Pictures are to be omitted. Output only the lines from the one containing "xxHOTIRINAxx Public Foto 2" through the end of the data, word for word.

[Short web captions]
:::::

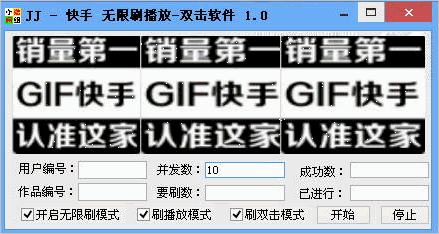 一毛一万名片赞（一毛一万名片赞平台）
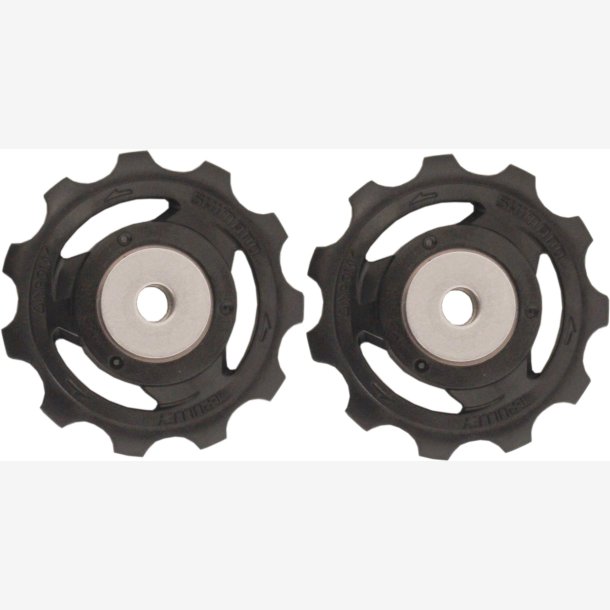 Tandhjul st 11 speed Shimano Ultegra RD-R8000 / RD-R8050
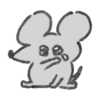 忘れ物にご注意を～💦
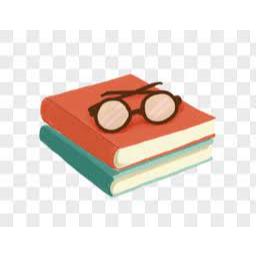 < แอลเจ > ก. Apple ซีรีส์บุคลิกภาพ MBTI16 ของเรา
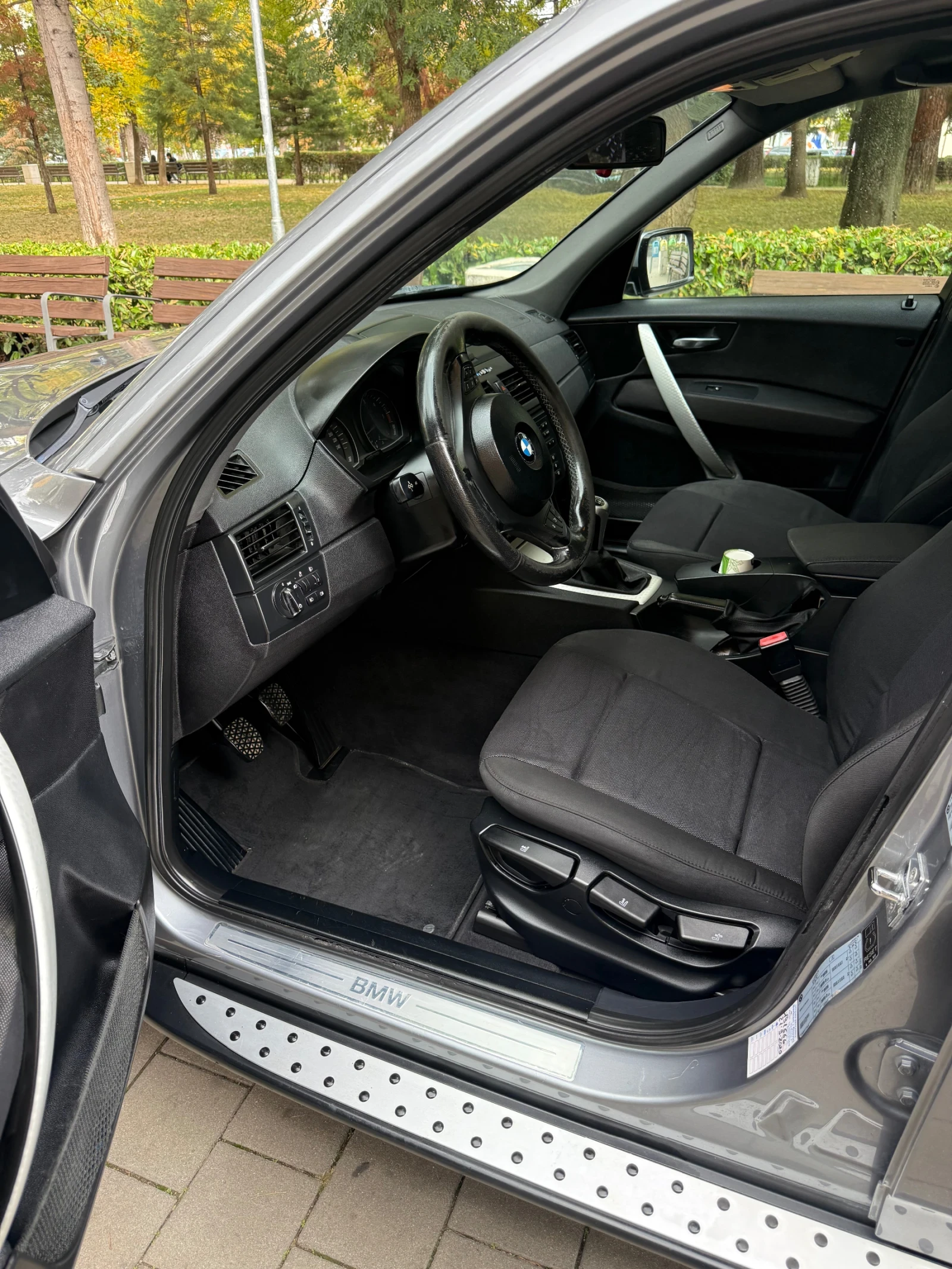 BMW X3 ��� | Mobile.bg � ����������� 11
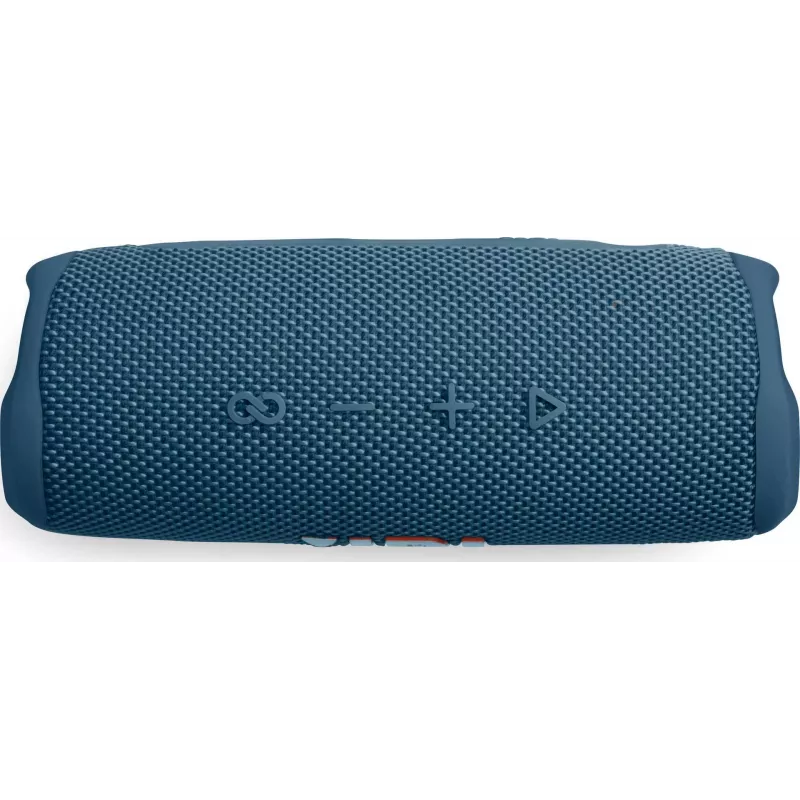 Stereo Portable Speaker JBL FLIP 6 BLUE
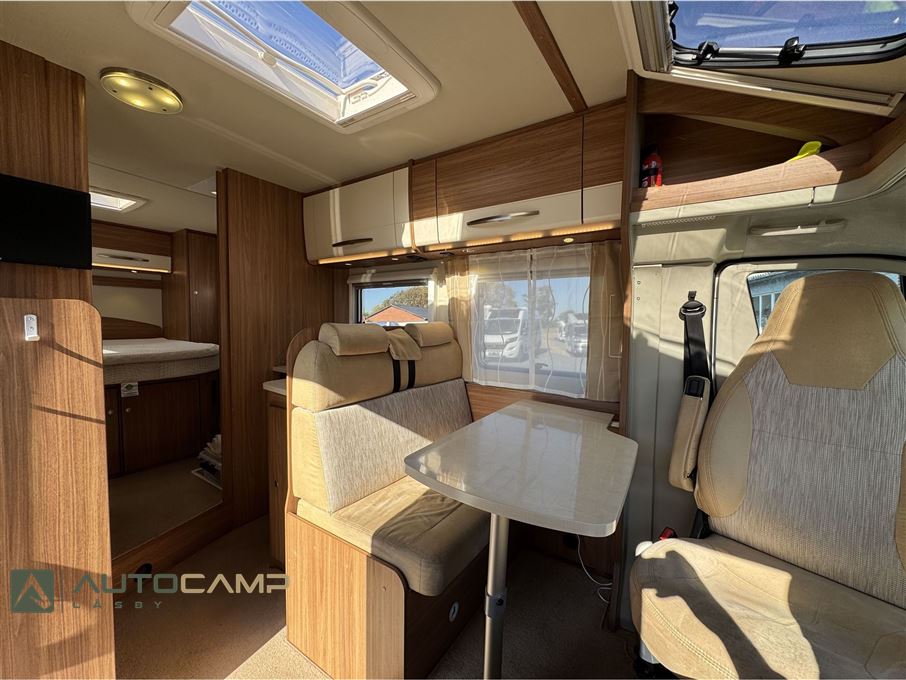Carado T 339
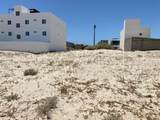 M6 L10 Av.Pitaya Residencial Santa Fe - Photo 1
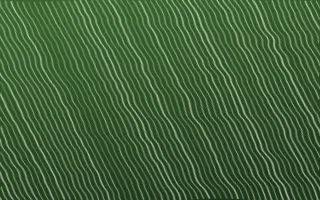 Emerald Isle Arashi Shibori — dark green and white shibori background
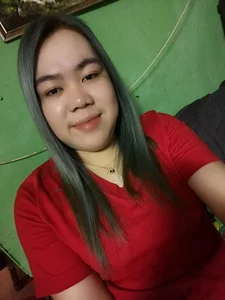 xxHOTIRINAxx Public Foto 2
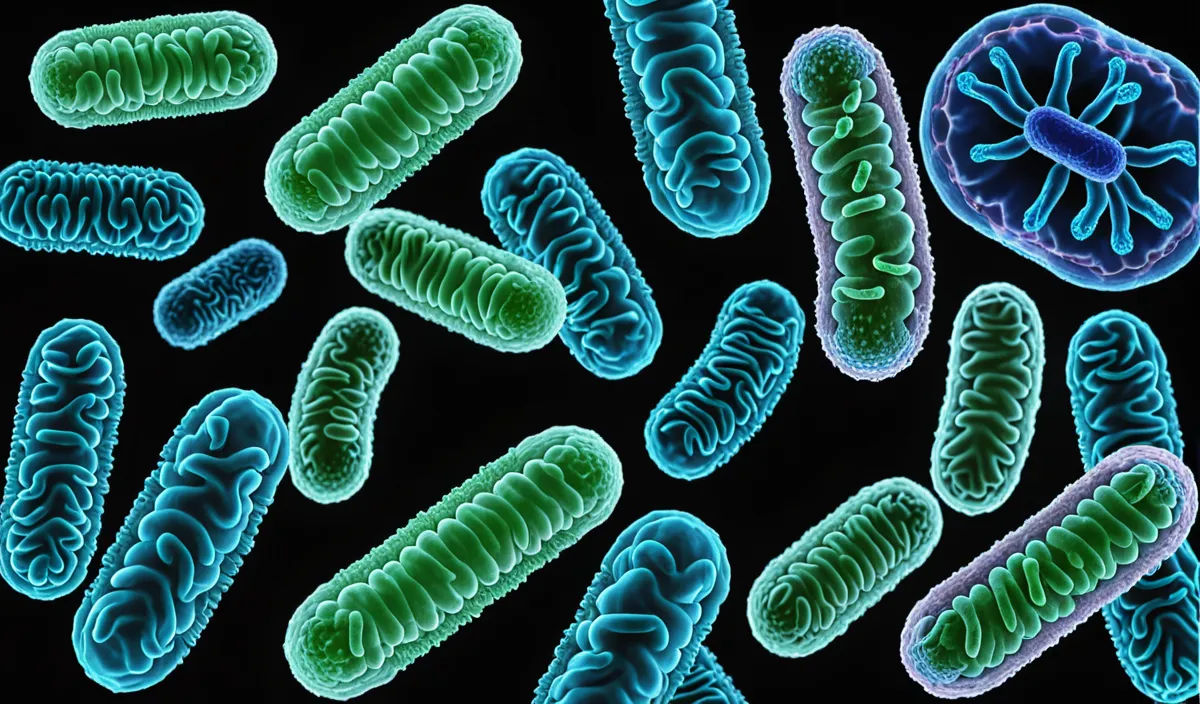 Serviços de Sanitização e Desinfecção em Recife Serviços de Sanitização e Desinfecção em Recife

:::::

YOUR SOLUTION —
 xxHOTIRINAxx Public Foto 2
 Serviços de Sanitização e Desinfecção em Recife Serviços de Sanitização e Desinfecção em Recife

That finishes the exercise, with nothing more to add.